CsvConnector#

class sdgx.data_connectors.csv_connector.CsvConnector(path, sep=',', header='infer', **read_csv_kwargs)[source]#

Wraps csv file into DataConnector

Parameters:

path (str) – Path to csv file
sep (str, optional) – Separator. Defaults to ‘,’.
header (str, optional) – Header. Defaults to ‘infer’.
read_csv_kwargs (dict, optional) – kwargs for pd.read_csv, please refer to https://pandas.pydata.org/docs/reference/api/pandas.read_csv.html

Example

from sdgx.data_connectors.csv_connector import CsvConnector
connector = CsvConnector(
    path="data.csv",
)
df = connector.read()

_columns() → list[str][source]#

Subclass should implement this for reading columns if there is an efficient way for peaking columns.

See column for more details.

_iter(offset: int = 0, chunksize: int = 1000) → Generator[DataFrame, None, None][source]#

Subclass should implement this for reading data in chunk.

See iter for more details.

_read(offset: int = 0, limit: int | None = None) → DataFrame | None[source]#

Subclass must implement this for reading data.

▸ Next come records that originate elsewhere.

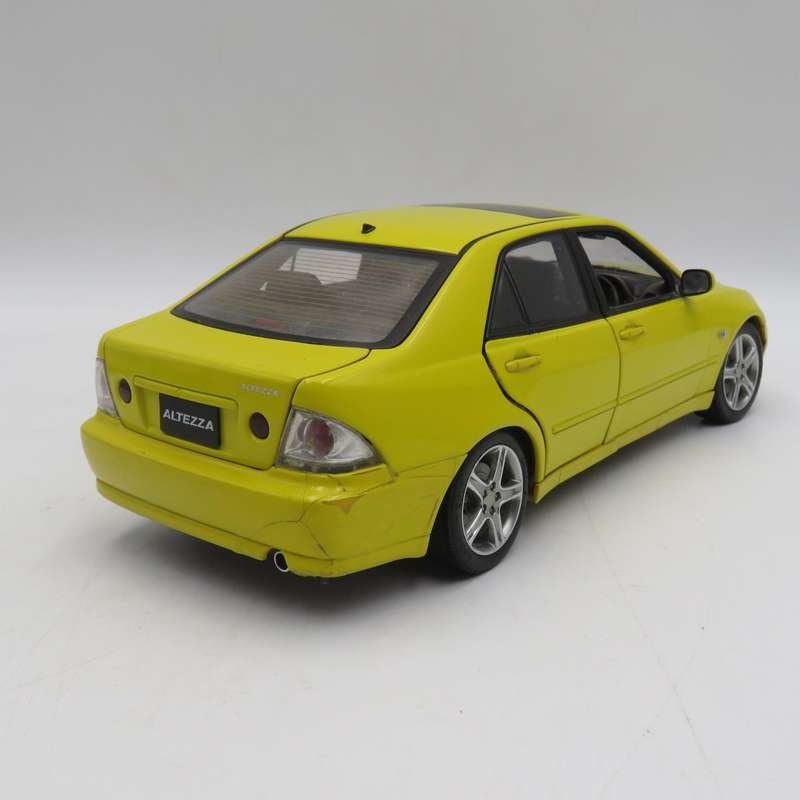 AutoArt Toyota Altezza RS200 die-cast model car - front and rear bumper damaged - Scale 1/18
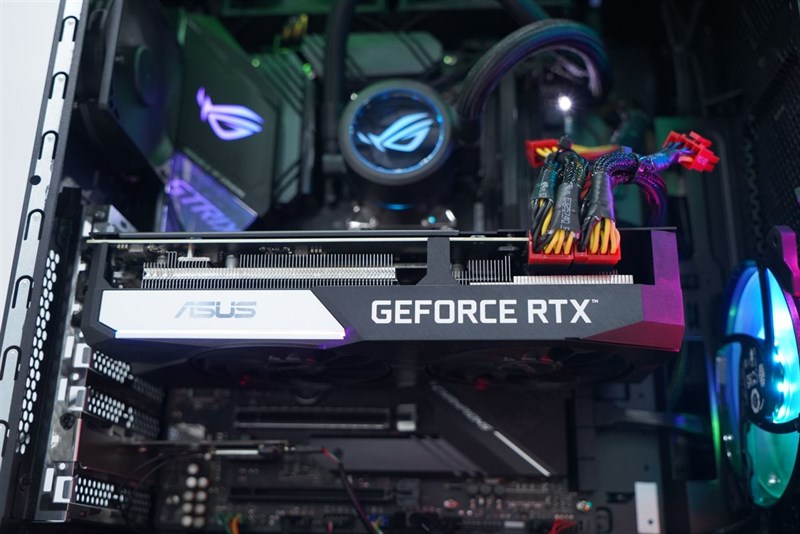 ROG Strix GA35 G35DX cũng được trang bị card đồ họa rời NVIDIA GeForce RTX 3070.
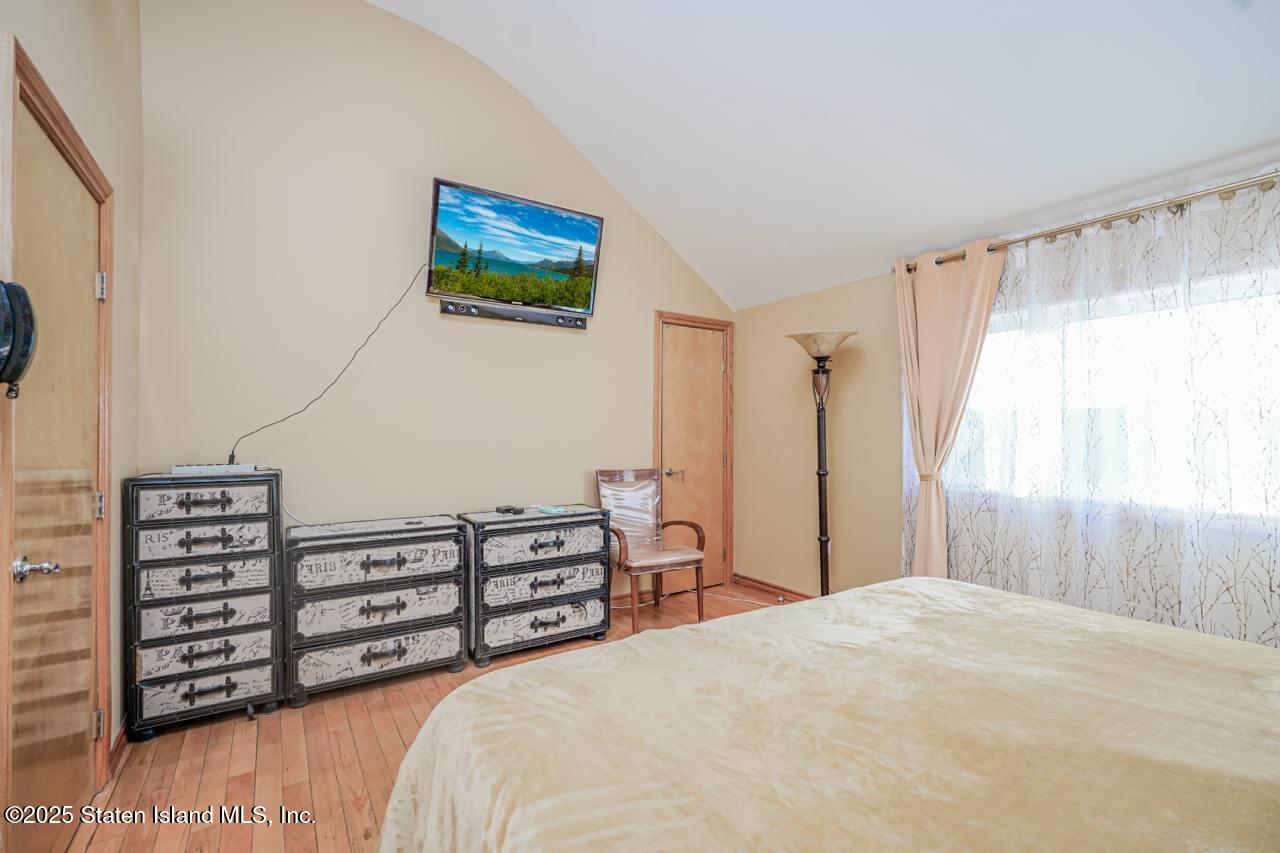 111 Hampton Green, Staten Island, New York image 11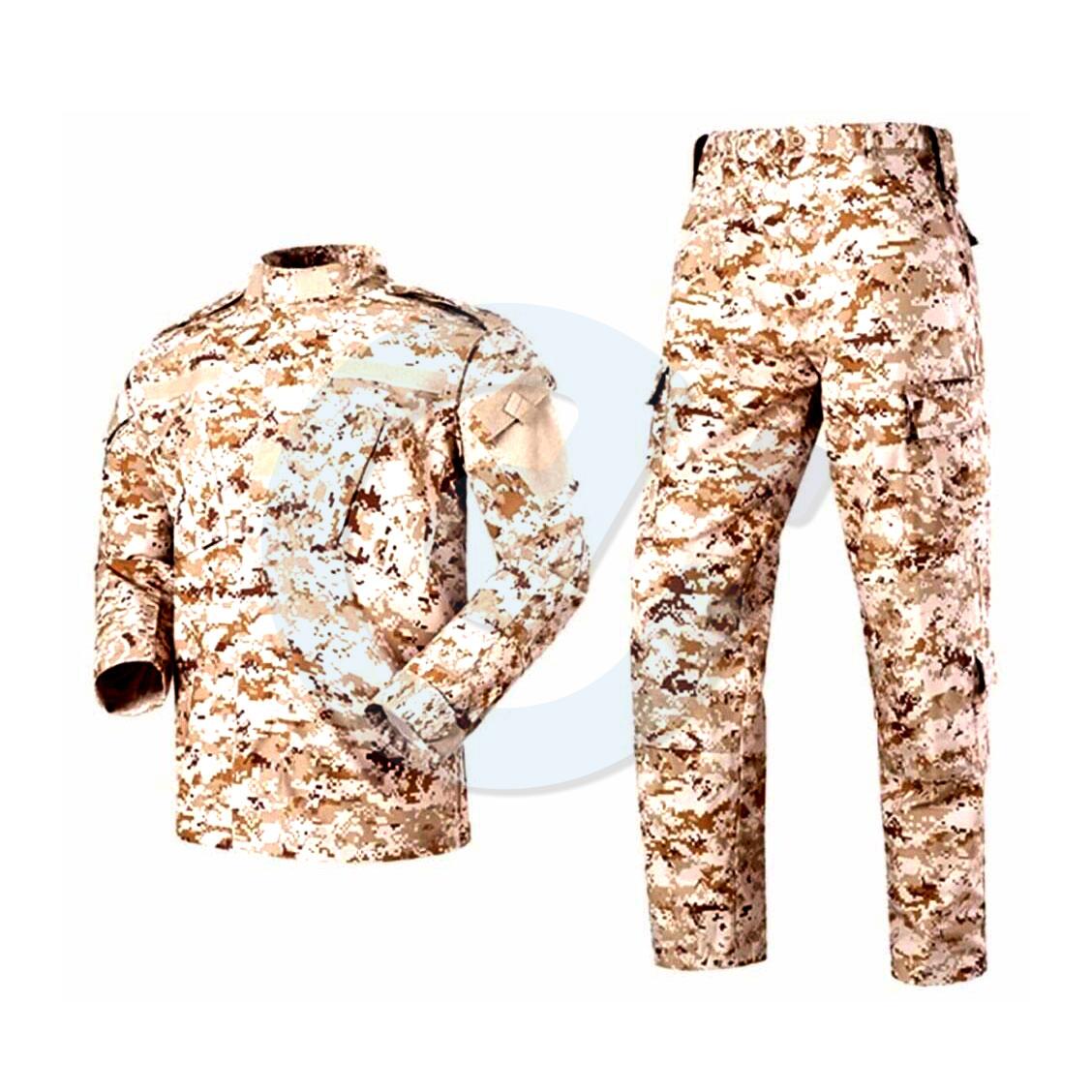 4 Camouflage Uniform in light Yellowish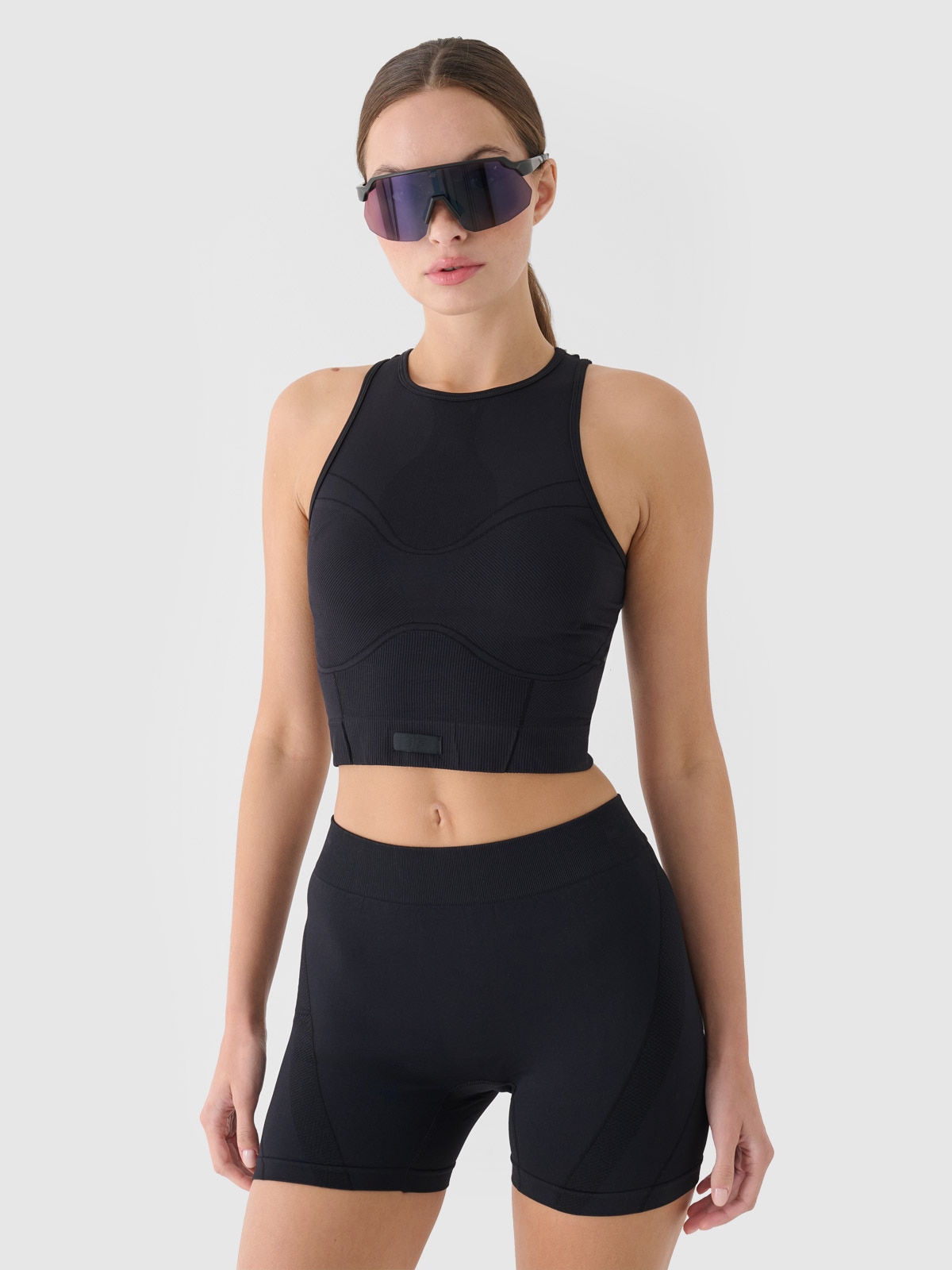 Crop top de antrenament slim cu uscare rapidă pentru femei - negru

See read for more details.

iter(offset: int = 0, chunksize: int = 0) → Generator[DataFrame, None, None]#

Interface for reading data in chunk.

Parameters:

Returns:

Generator/Iterator for readed dataframe

Return type:

Generator[pd.DataFrame, None, None]

read(offset: int = 0, limit: int | None = None) → DataFrame | None#

Interface for reading data.

Parameters:

offset (int, optional) – Offset for reading. Defaults to 0.
limit (int, optional) – Limit for reading. Defaults to None. None is for reading all data and 0 is for reading no data(only header).

Returns:

Readed dataframe

Return type:

pd.DataFrame